Le Président est-il devenu fou ?, de Patrick Weil



C’est l’histoire d’un manuscrit caché, enfoui pendant des années dans les méandres des archives d’un bâtiment, et qui, s’il avait été révélé plus tôt, aurait pu changer la face du monde. Naturellement, présenté ainsi, le scénario semble surréaliste, ou extrait d’une version non retenue d’un film d’aventures américain tel que Indiana Jones. Et pourtant, bien qu’enjolivé, le récit que je viens d’en faire convient très soigneusement pour résumer le dernier ouvrage de Patrick Weil, Le Président est-il devenu fou ?


Habituellement spécialiste des questions de laïcité ou d’histoire du modèle d’intégration français (il est notamment l’auteur de deux brillants essais, La France et ses étrangers et Qu’est-ce qu’un Français), Patrick Weil tombe nez à nez, au hasard de ses recherches, sur un manuscrit qui s’avère être la version initiale, sans correction, d’un travail en commun du psychanalyste le plus connu au monde, Sigmund Freud, et d’un diplomate et homme politique bien moins connu, William Bullitt, ancien proche du président américain de l’après guerr, Wilson.

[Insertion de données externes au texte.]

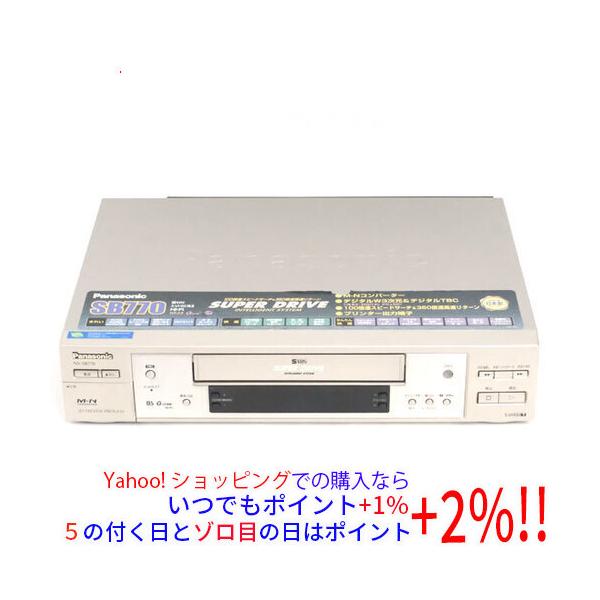 SB 【中古】Panasonic S-VHS ビデオデッキ NV-SB770 : エクセラー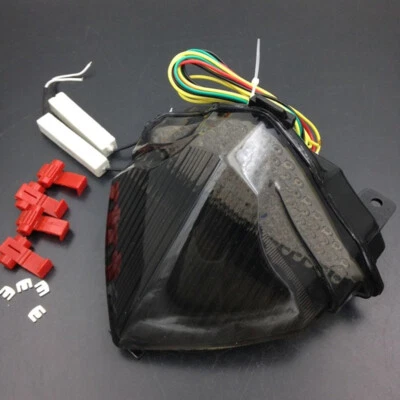 Smoke LED Tail Light Brake Turn Signal Lamp For Yamaha YZF R1 2004 2005 2006 - Imagem 1 de 4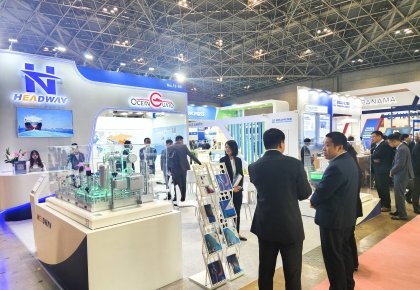 122cc太阳成官方网站亮相日本海事展 碳循环产品生态备受青睐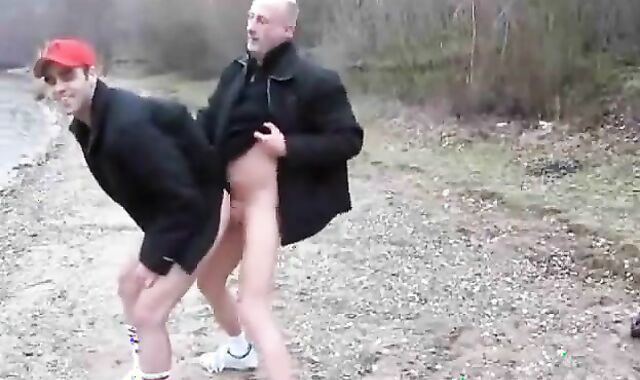 Hot Fuck on a Cold Day Outside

La trouvaille n’est pas seulement historique, elle est révolutionnaire. En effet, lorsqu’une version de ce travail en commun est publiée en 1966, soit plus de trente ans après sa rédaction, le livre fait scandale, car il s’intéresse de près à la santé mentale d’un ancien Président des Etats-Unis. D’ailleurs, personne ne croit en la contribution du père de la psychanalyse à ce travail. En réalité, l’ouvrage publié en 1966 est le résultat d’un ensemble pharamineux d’amendements de la part de Bullitt, sans l’accord de Freud. À la lumière de ces faits, l’on ne peut que mieux mesurer l’extraordinaire découverte de Patrick Weil.


Ainsi, cet ouvrage se lit comme un véritable jeu de piste littéraire et historique. Il est passionnant de tourner page après page afin d’espérer trouver les réponses à toutes les questions qui sont posées par l’ouvrage. Et elles sont nombreuses, car la résolution d’une énigme ouvre d’autant plus de nouvelles questions en perspectives, telles des poupées russes de l’histoire.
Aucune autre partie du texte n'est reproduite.